As wealthy investors buy up shopping centers and other commercial real estate, a growing number of cities are eyeing ways to ensure residents with low incomes don’t get pushed out – and that they benefit from the rising tides in their neighborhoods.
The concept isn’t flashy or new, but it is gaining traction as more communities turn to neighborhood investment trusts, which allow many people to make low-dollar investments in local commercial properties. As the developments bring in profits, investors receive dividend payments up to a few hundred dollars per year. Eventually, a neighborhood could own an entire commercial block outright.
Neighborhood trusts “could potentially have a transformative effect on how we think about community development,” said Elwood Hopkins, presidential fellow at The Kresge Foundation, which funds these projects.

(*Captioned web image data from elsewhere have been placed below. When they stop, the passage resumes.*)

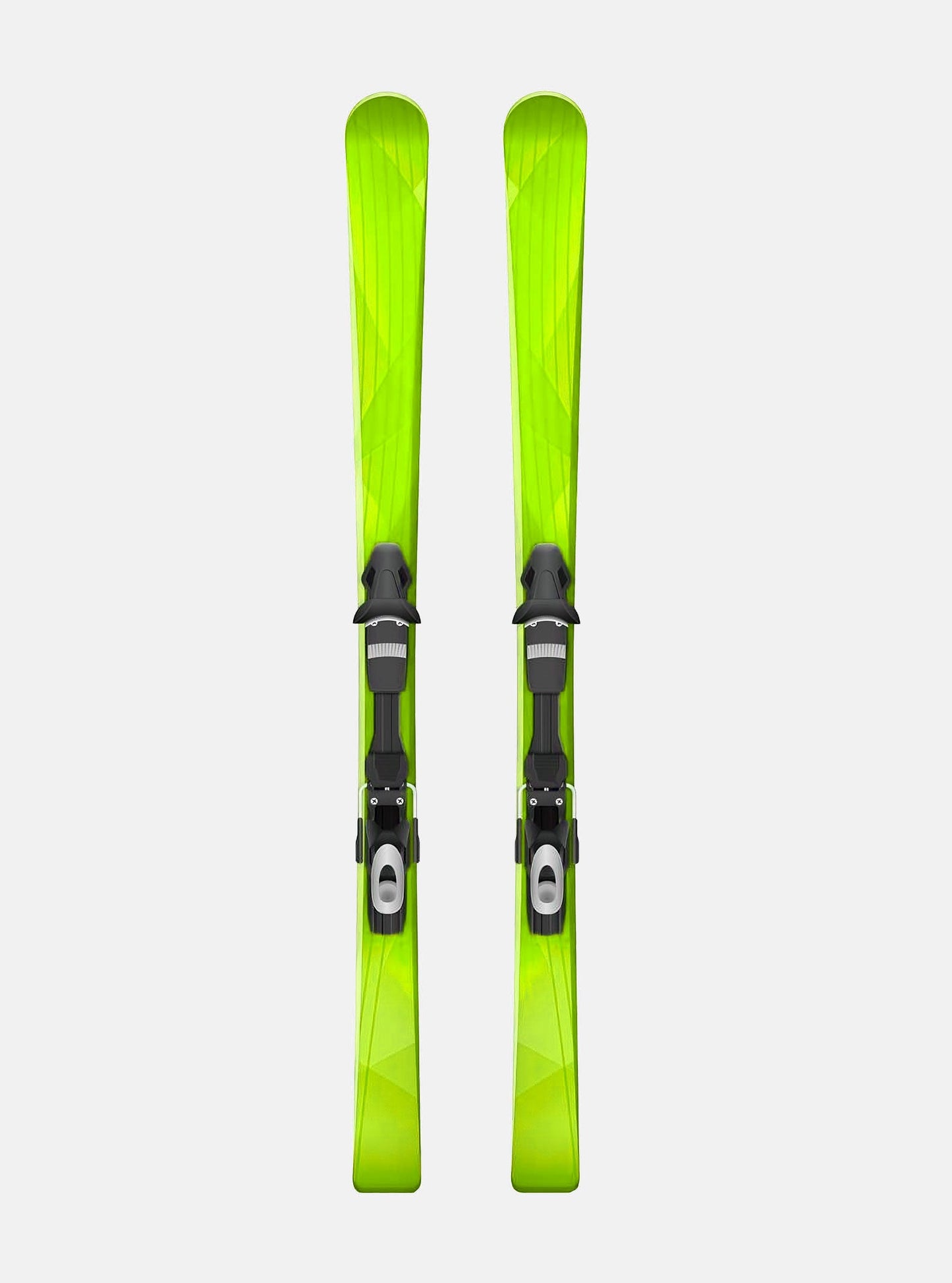 2 Pair of mountain skis and poles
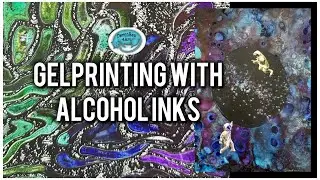 Alcohol inks and more on the Gelplate #gelprinting #alcoholinks
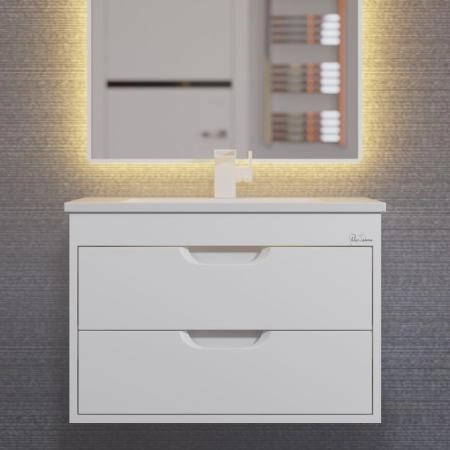 Тумба под раковину для ванной Uperwood Modul 65 см, подвесная, матовая, белая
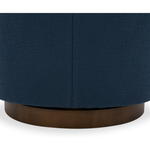 Oscy Swivel Chair, Dark Atlantic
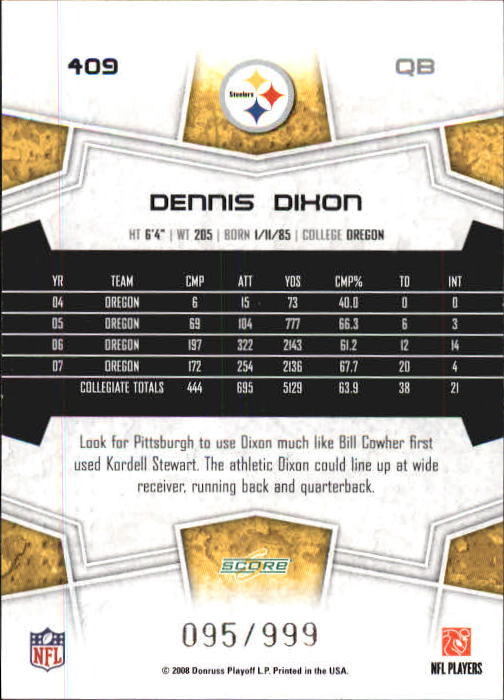 B0089- 2008 Select Football Cards 251-440 +Rookies -You Pick- 15+ FREE US SHIP - Picture 203 of 223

The success of a model launched by the global non-governmental organization Mercy Corps in Portland, Oregon, has largely driven the buzz.
The group’s Community Investment Trust bought a $1.2 million strip mall in 2014 and started selling shares at $10 to $100 per month to local residents with low incomes in 2017, in a bid to make the shares widely accessible and prevent consolidation. A direct pay letter of credit from a partner bank protects investors against financial losses, allowing them to cash out at any time.
Investors have received dividends every year since the program took effect – in 2021, 236 people received a 4.57% return – and about 90% of them reinvest each year, said John Haines, who spent four years developing the CIT and now serves as its executive director. Most members are women, first-time investors or earn less than $40,000 per year, according to Haines.
“We've seen people put down payments on homes with the money,” Haines said.
Similar initiatives have cropped up using the CIT model in Albany, New York, and Colorado Springs, Colorado. Haines has done feasibility studies in Dallas, Omaha, Nebraska, and a handful of other cities. Next, he’ll conduct them in Seattle, Detroit, New Orleans, the Brooklyn borough of New York City and Tulsa, Oklahoma. Haines hopes to work with 100 cities in the next five to 10 years.
“The economic dynamics in each city are different,” Haines said. But three factors are critical for success: “Good property, a good lead organization and a relationship with a bank.”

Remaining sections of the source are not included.